Ifo Business Climate ranking, showing German business managers' confidence (or lack thereof) in the state of the economy and expectations for the future.
© Photo : Ifo Institute
In its August rating, Ifo pointed to a “further darkening” of overall sentiment among German business managers, with companies “increasingly pessimistic about the months ahead.”
“In manufacturing, the Business Climate Index fell. Companies were particularly less satisfied with their current situation; this indicator dipped into negative territory for the first time since October 2020. Expectations remained starkly pessimistic. Companies complained ever more loudly of a decline in new orders,” Ifo’s report noted.
The economic watchdog observed a similar “cooling” in the service sector, with managers “expecting a further deterioration,” and complaining that “the weakness in manufacturing” is “weighing on the transport and logistics industry.”

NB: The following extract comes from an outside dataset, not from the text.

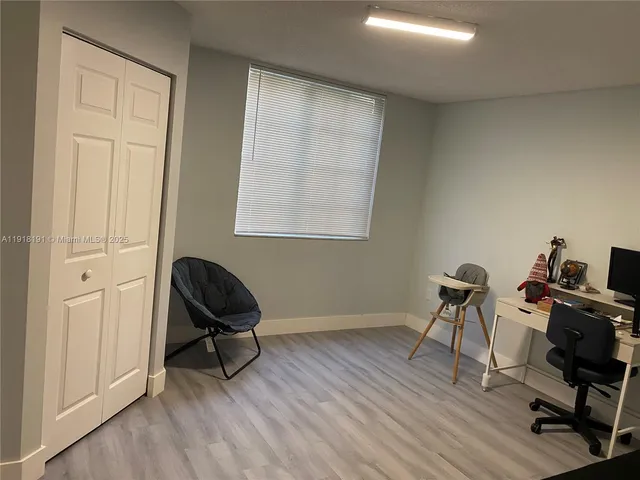 $2,400 | 677 Southwest 111th Avenue, Unit 202, Pembroke Pines, FL 33025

“The Business Climate Index fell in trade too,” with businesses assessing “their current situation as considerably more negative” and “the outlook also turn[ing] even gloomier,” Ifo noted.

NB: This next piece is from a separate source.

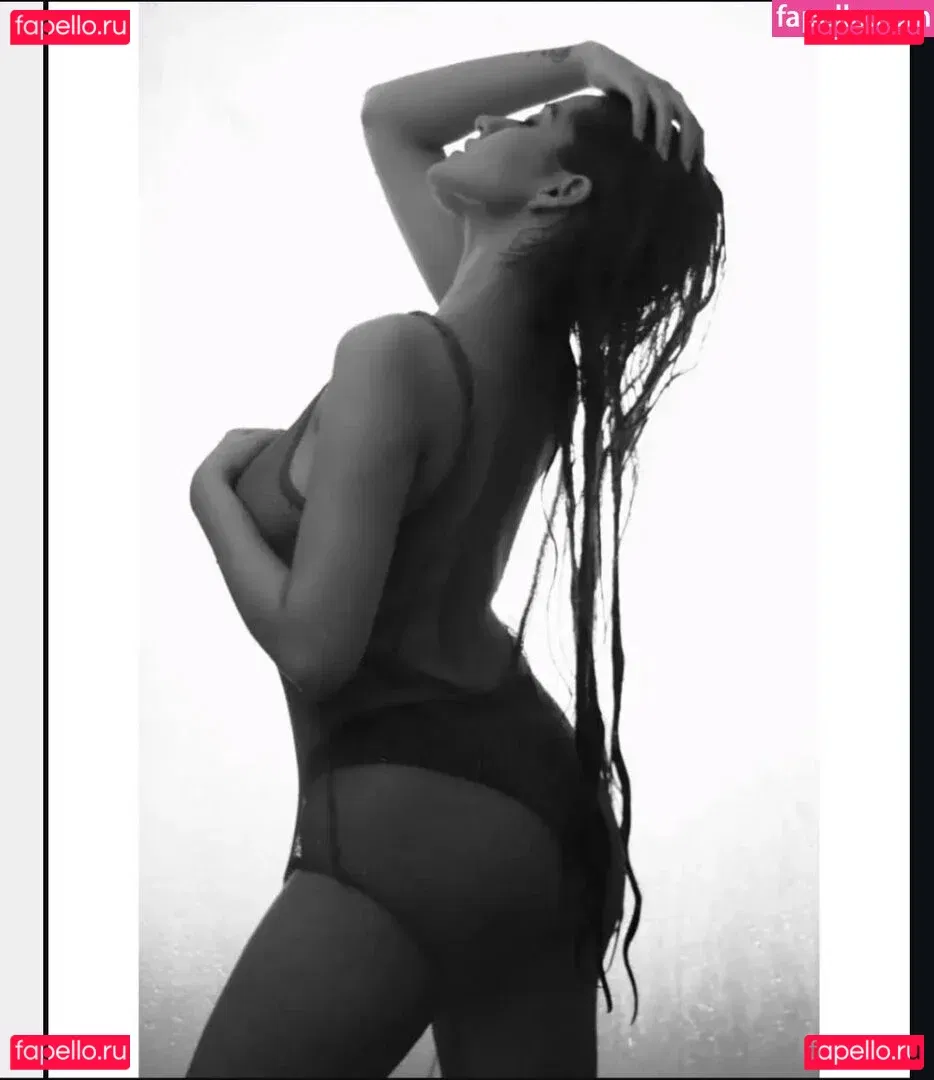 Simran Kaur Onlyfans Photo Gallery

Finally, in construction, the index also “continued its nosedive,” with companies “noticeably less satisfied with their current business situation” and “pessimism concerning the coming months becoming even more widespread.”
Ifo's Business Climate ranking shows confidence (or lack thereof) of German businesses in the state of the economy by sector, including manufacturing, services, trade and construction.
© Photo : Ifo Institute
The drop in German business confidence comes on the heels of the release of fresh GDP data by the Federal Statistical Office on Friday, showing that GDP growth in the second quarter of 2023 declined by 0.6 percent (price adjusted) compared to a year earlier, leaving the country in a technical recession.
“Like in Germany, the economic development stagnated in the European Union as a whole in spring 2023. However, there were differences regarding the other large EU member states,” the Federal Statistical Office said in a note accompanying the new data.
“The largest quarter-on-quarter increases in the price, seasonally and calendar adjusted GDP were seen in France (+0.5 percent) and Spain (+0.4 percent) in the second quarter of 2023. By contrast, economic performance declined by 0.3 percent in Italy. At +0.6 percent quarter on quarter, the economic development was somewhat better in the United States than in most European countries,” the office added.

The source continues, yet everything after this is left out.